I still had the hardest to come, however. Tomorrow I would have to climb the second most dangerous pitch on the route.
Tomorrow I might die on this very spot, my blood mixed with old dried-up wine and broken glass.
Truths and lies
Yosemite. October 1999
IT SEEMED THAT no matter how hard I climbed, the thing that was pushing me on could not be satisfied. On the summit I would feel free of it,
but in the days that followed it would creep back. Some people have described it as a rat that gnaws away inside you and must be fed. For me it was something else, it was a rat that denied ever being fed. No matter how hard I climbed, I seemed to have the inability to just be happy with what I’d done.

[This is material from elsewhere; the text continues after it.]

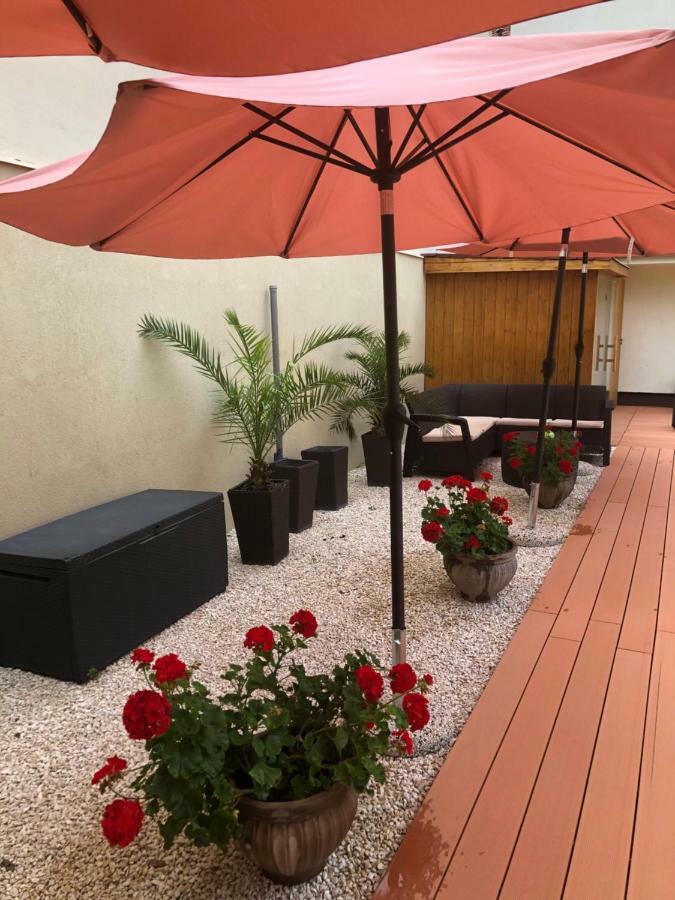 Mosoly Apartman Segedin Dış mekan fotoğraf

I was always undermining my own achievements.
After my two trips to Yosemite with Paul and then Andy, on paper at least, it looked like I had pulled off some pretty hard routes, but soon the initial joy and satisfaction faded and old doubts crept in. Had I pulled my weight? Was it Andy who’d climbed the hardest pitches? Was I just a bullshitter?
There was really only one way to tell, and that was to have a whole climb to myself. To solo a big wall.
The moment I had the idea, standing at the climbing counter at work, I began to giggle. It was so stupidly crazy. It was also just about possible. I giggled some more. It was as if I had been given a million pounds and all of a sudden I could do anything I wanted, only it was a million pounds worth of potential that excited me, the realisation that no one but myself could stop me. There were of course so many reasons why not to try, just to dismiss the idea as ludicrous. But at the heart of it there were those two important words; ‘why not’.
I began as I usually did, by thinking about this plan. I needed a wall, and I needed to learn how to solo it. Soloing the Droites and big alpine routes was simple, just grab your axes and go. Soloing a big wall was something more akin to learning to sail, requiring a whole gamut of complex techniques. I began reading all I could, which wasn’t that much, the art of big-wall soloing being as exotic and niche as cave diving. I knew of only four other Brits who had soloed significant big walls and two of them had come close to dying, one breaking his leg, the other getting rescued after having almost died of exposure.